Exercise brief:
Every record has to be written out exactly, with no line missing.

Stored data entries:
◇ ◇ ◇ ◇ ◇
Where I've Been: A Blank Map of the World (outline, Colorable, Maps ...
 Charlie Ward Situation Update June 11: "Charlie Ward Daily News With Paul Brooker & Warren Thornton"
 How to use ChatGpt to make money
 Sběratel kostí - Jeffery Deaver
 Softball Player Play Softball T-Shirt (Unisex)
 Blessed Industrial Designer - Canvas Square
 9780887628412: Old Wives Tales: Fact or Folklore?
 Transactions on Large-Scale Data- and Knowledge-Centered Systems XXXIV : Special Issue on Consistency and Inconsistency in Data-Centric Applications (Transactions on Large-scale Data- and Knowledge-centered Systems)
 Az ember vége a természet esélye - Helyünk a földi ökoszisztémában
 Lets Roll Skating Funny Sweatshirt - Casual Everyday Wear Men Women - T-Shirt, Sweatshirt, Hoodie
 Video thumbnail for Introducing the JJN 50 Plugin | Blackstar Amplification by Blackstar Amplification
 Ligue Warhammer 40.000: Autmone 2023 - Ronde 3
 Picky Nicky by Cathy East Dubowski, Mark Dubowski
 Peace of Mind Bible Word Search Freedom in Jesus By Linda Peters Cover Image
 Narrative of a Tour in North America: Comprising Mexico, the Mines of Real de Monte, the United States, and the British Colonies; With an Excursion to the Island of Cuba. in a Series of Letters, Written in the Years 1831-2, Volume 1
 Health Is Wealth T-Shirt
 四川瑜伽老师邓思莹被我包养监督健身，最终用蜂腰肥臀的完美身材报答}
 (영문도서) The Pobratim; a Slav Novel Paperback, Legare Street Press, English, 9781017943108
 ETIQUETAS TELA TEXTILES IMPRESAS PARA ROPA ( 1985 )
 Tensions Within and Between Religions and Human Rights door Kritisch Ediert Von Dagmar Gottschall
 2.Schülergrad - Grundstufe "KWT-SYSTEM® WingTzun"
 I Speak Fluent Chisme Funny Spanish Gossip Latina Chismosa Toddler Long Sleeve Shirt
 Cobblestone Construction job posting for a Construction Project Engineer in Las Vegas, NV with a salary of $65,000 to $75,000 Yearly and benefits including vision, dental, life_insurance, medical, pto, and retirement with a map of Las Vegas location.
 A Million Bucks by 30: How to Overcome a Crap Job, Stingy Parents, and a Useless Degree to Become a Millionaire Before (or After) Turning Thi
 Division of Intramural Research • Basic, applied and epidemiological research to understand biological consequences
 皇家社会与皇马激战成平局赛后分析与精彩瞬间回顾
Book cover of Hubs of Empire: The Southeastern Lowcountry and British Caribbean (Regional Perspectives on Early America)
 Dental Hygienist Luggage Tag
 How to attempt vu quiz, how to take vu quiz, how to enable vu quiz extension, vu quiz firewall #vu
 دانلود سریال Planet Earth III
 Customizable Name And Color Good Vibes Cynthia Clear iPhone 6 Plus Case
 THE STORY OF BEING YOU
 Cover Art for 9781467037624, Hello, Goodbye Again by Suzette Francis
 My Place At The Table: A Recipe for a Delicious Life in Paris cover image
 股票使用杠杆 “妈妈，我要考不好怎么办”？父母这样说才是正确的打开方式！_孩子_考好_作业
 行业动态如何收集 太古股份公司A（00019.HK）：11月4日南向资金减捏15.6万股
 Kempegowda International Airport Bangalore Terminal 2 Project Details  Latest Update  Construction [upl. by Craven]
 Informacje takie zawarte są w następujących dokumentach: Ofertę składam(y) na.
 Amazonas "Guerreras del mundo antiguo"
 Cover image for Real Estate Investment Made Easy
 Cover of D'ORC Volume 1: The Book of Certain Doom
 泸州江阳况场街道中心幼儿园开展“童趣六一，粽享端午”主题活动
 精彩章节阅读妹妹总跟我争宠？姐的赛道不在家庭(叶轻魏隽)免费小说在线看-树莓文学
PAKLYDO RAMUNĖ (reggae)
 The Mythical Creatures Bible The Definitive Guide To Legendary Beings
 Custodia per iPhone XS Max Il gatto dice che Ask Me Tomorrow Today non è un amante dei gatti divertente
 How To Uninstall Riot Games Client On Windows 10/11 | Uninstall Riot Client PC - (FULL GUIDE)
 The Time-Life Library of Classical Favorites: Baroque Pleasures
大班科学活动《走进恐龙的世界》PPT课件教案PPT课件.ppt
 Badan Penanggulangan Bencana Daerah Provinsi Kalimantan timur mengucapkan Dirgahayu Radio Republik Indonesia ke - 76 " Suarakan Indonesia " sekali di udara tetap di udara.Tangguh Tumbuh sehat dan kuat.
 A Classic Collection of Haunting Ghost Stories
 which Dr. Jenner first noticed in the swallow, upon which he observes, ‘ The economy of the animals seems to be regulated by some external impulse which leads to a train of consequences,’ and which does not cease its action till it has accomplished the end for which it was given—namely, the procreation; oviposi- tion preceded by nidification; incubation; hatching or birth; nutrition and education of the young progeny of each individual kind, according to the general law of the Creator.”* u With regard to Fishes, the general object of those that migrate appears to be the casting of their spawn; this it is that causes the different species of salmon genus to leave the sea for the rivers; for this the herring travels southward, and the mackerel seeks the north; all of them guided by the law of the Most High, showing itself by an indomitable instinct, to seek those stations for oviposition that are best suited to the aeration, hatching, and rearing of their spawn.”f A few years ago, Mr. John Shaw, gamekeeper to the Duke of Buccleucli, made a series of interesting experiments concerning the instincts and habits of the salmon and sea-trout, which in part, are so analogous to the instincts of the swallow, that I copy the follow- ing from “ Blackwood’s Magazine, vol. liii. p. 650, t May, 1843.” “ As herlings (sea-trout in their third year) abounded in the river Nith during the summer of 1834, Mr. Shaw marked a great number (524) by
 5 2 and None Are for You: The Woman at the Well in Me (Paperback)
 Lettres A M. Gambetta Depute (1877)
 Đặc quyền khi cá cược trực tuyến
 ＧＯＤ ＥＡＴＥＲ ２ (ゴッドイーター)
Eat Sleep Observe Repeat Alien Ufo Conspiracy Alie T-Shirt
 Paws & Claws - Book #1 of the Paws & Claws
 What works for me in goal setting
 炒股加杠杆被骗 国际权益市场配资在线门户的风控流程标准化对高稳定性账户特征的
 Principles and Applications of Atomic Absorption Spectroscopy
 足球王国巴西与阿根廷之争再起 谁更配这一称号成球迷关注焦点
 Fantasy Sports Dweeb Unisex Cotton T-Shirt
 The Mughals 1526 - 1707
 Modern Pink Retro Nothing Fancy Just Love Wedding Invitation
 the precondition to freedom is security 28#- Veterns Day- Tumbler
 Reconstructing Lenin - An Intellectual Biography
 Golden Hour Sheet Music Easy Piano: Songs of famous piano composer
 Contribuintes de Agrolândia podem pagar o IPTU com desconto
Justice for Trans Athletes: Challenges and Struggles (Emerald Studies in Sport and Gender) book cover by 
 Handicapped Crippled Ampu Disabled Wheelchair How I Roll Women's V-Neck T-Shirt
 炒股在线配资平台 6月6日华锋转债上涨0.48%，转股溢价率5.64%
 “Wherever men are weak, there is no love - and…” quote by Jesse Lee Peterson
◇ ◇ ◇ ◇ ◇
Solution:
Where I've Been: A Blank Map of the World (outline, Colorable, Maps ...
 Charlie Ward Situation Update June 11: "Charlie Ward Daily News With Paul Brooker & Warren Thornton"
 How to use ChatGpt to make money
 Sběratel kostí - Jeffery Deaver
 Softball Player Play Softball T-Shirt (Unisex)
 Blessed Industrial Designer - Canvas Square
 9780887628412: Old Wives Tales: Fact or Folklore?
 Transactions on Large-Scale Data- and Knowledge-Centered Systems XXXIV : Special Issue on Consistency and Inconsistency in Data-Centric Applications (Transactions on Large-scale Data- and Knowledge-centered Systems)
 Az ember vége a természet esélye - Helyünk a földi ökoszisztémában
 Lets Roll Skating Funny Sweatshirt - Casual Everyday Wear Men Women - T-Shirt, Sweatshirt, Hoodie
 Video thumbnail for Introducing the JJN 50 Plugin | Blackstar Amplification by Blackstar Amplification
 Ligue Warhammer 40.000: Autmone 2023 - Ronde 3
 Picky Nicky by Cathy East Dubowski, Mark Dubowski
 Peace of Mind Bible Word Search Freedom in Jesus By Linda Peters Cover Image
 Narrative of a Tour in North America: Comprising Mexico, the Mines of Real de Monte, the United States, and the British Colonies; With an Excursion to the Island of Cuba. in a Series of Letters, Written in the Years 1831-2, Volume 1
 Health Is Wealth T-Shirt
 四川瑜伽老师邓思莹被我包养监督健身，最终用蜂腰肥臀的完美身材报答}
 (영문도서) The Pobratim; a Slav Novel Paperback, Legare Street Press, English, 9781017943108
 ETIQUETAS TELA TEXTILES IMPRESAS PARA ROPA ( 1985 )
 Tensions Within and Between Religions and Human Rights door Kritisch Ediert Von Dagmar Gottschall
 2.Schülergrad - Grundstufe "KWT-SYSTEM® WingTzun"
 I Speak Fluent Chisme Funny Spanish Gossip Latina Chismosa Toddler Long Sleeve Shirt
 Cobblestone Construction job posting for a Construction Project Engineer in Las Vegas, NV with a salary of $65,000 to $75,000 Yearly and benefits including vision, dental, life_insurance, medical, pto, and retirement with a map of Las Vegas location.
 A Million Bucks by 30: How to Overcome a Crap Job, Stingy Parents, and a Useless Degree to Become a Millionaire Before (or After) Turning Thi
 Division of Intramural Research • Basic, applied and epidemiological research to understand biological consequences
 皇家社会与皇马激战成平局赛后分析与精彩瞬间回顾
Book cover of Hubs of Empire: The Southeastern Lowcountry and British Caribbean (Regional Perspectives on Early America)
 Dental Hygienist Luggage Tag
 How to attempt vu quiz, how to take vu quiz, how to enable vu quiz extension, vu quiz firewall #vu
 دانلود سریال Planet Earth III
 Customizable Name And Color Good Vibes Cynthia Clear iPhone 6 Plus Case
 THE STORY OF BEING YOU
 Cover Art for 9781467037624, Hello, Goodbye Again by Suzette Francis
 My Place At The Table: A Recipe for a Delicious Life in Paris cover image
 股票使用杠杆 “妈妈，我要考不好怎么办”？父母这样说才是正确的打开方式！_孩子_考好_作业
 行业动态如何收集 太古股份公司A（00019.HK）：11月4日南向资金减捏15.6万股
 Kempegowda International Airport Bangalore Terminal 2 Project Details  Latest Update  Construction [upl. by Craven]
 Informacje takie zawarte są w następujących dokumentach: Ofertę składam(y) na.
 Amazonas "Guerreras del mundo antiguo"
 Cover image for Real Estate Investment Made Easy
 Cover of D'ORC Volume 1: The Book of Certain Doom
 泸州江阳况场街道中心幼儿园开展“童趣六一，粽享端午”主题活动
 精彩章节阅读妹妹总跟我争宠？姐的赛道不在家庭(叶轻魏隽)免费小说在线看-树莓文学
PAKLYDO RAMUNĖ (reggae)
 The Mythical Creatures Bible The Definitive Guide To Legendary Beings
 Custodia per iPhone XS Max Il gatto dice che Ask Me Tomorrow Today non è un amante dei gatti divertente
 How To Uninstall Riot Games Client On Windows 10/11 | Uninstall Riot Client PC - (FULL GUIDE)
 The Time-Life Library of Classical Favorites: Baroque Pleasures
大班科学活动《走进恐龙的世界》PPT课件教案PPT课件.ppt
 Badan Penanggulangan Bencana Daerah Provinsi Kalimantan timur mengucapkan Dirgahayu Radio Republik Indonesia ke - 76 " Suarakan Indonesia " sekali di udara tetap di udara.Tangguh Tumbuh sehat dan kuat.
 A Classic Collection of Haunting Ghost Stories
 which Dr. Jenner first noticed in the swallow, upon which he observes, ‘ The economy of the animals seems to be regulated by some external impulse which leads to a train of consequences,’ and which does not cease its action till it has accomplished the end for which it was given—namely, the procreation; oviposi- tion preceded by nidification; incubation; hatching or birth; nutrition and education of the young progeny of each individual kind, according to the general law of the Creator.”* u With regard to Fishes, the general object of those that migrate appears to be the casting of their spawn; this it is that causes the different species of salmon genus to leave the sea for the rivers; for this the herring travels southward, and the mackerel seeks the north; all of them guided by the law of the Most High, showing itself by an indomitable instinct, to seek those stations for oviposition that are best suited to the aeration, hatching, and rearing of their spawn.”f A few years ago, Mr. John Shaw, gamekeeper to the Duke of Buccleucli, made a series of interesting experiments concerning the instincts and habits of the salmon and sea-trout, which in part, are so analogous to the instincts of the swallow, that I copy the follow- ing from “ Blackwood’s Magazine, vol. liii. p. 650, t May, 1843.” “ As herlings (sea-trout in their third year) abounded in the river Nith during the summer of 1834, Mr. Shaw marked a great number (524) by
 5 2 and None Are for You: The Woman at the Well in Me (Paperback)
 Lettres A M. Gambetta Depute (1877)
 Đặc quyền khi cá cược trực tuyến
 ＧＯＤ ＥＡＴＥＲ ２ (ゴッドイーター)
Eat Sleep Observe Repeat Alien Ufo Conspiracy Alie T-Shirt
 Paws & Claws - Book #1 of the Paws & Claws
 What works for me in goal setting
 炒股加杠杆被骗 国际权益市场配资在线门户的风控流程标准化对高稳定性账户特征的
 Principles and Applications of Atomic Absorption Spectroscopy
 足球王国巴西与阿根廷之争再起 谁更配这一称号成球迷关注焦点
 Fantasy Sports Dweeb Unisex Cotton T-Shirt
 The Mughals 1526 - 1707
 Modern Pink Retro Nothing Fancy Just Love Wedding Invitation
 the precondition to freedom is security 28#- Veterns Day- Tumbler
 Reconstructing Lenin - An Intellectual Biography
 Golden Hour Sheet Music Easy Piano: Songs of famous piano composer
 Contribuintes de Agrolândia podem pagar o IPTU com desconto
Justice for Trans Athletes: Challenges and Struggles (Emerald Studies in Sport and Gender) book cover by 
 Handicapped Crippled Ampu Disabled Wheelchair How I Roll Women's V-Neck T-Shirt
 炒股在线配资平台 6月6日华锋转债上涨0.48%，转股溢价率5.64%
 “Wherever men are weak, there is no love - and…” quote by Jesse Lee Peterson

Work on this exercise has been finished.